• [What you are asked to do]
Below are the entries. Transcribe exactly the lines from the one with "Używany Mini Cooper" through the one with "優秀すぎる「無印良品」旅行グ", ends included, and leave out all others.

• [Supplied records]
┄┄┄┄┄┄┄┄┄┄┄┄┄┄┄┄┄┄┄┄

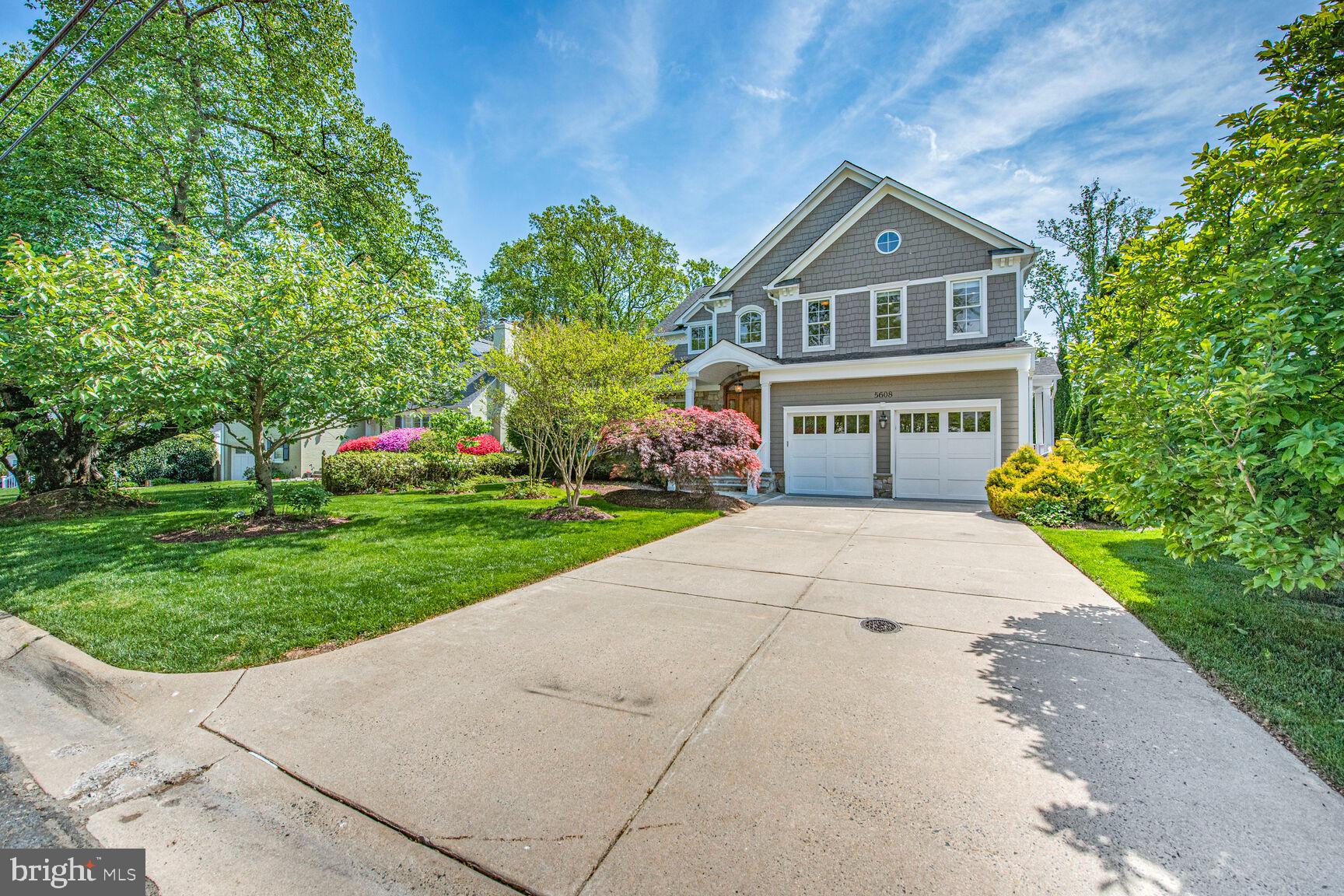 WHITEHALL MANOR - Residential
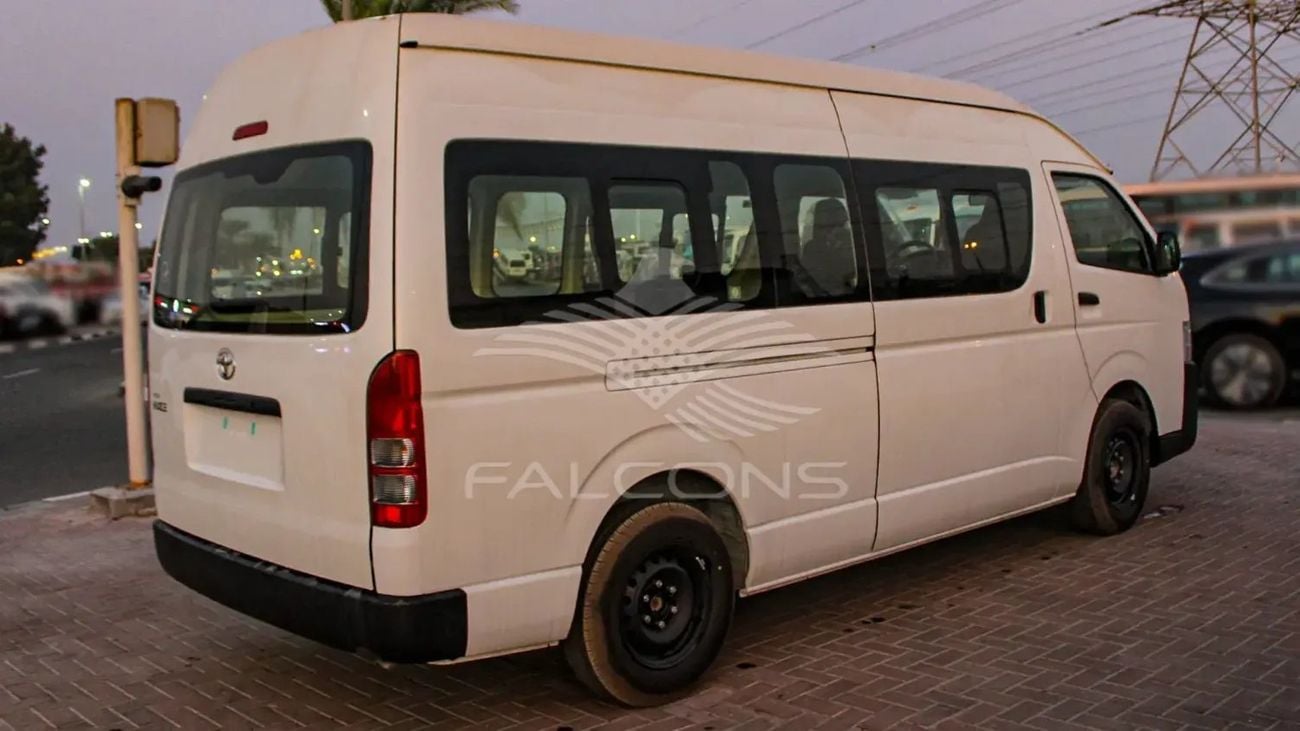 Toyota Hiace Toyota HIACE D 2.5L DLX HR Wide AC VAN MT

┄┄┄┄┄┄┄┄┄┄┄┄┄┄┄┄┄┄┄┄

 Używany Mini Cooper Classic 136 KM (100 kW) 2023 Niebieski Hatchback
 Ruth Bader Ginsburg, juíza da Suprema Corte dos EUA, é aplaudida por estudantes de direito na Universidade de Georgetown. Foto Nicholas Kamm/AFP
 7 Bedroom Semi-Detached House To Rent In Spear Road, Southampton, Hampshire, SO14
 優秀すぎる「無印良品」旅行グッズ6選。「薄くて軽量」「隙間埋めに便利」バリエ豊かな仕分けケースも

┄┄┄┄┄┄┄┄┄┄┄┄┄┄┄┄┄┄┄┄

• [Task response]
 Używany Mini Cooper Classic 136 KM (100 kW) 2023 Niebieski Hatchback
 Ruth Bader Ginsburg, juíza da Suprema Corte dos EUA, é aplaudida por estudantes de direito na Universidade de Georgetown. Foto Nicholas Kamm/AFP
 7 Bedroom Semi-Detached House To Rent In Spear Road, Southampton, Hampshire, SO14
 優秀すぎる「無印良品」旅行グッズ6選。「薄くて軽量」「隙間埋めに便利」バリエ豊かな仕分けケースも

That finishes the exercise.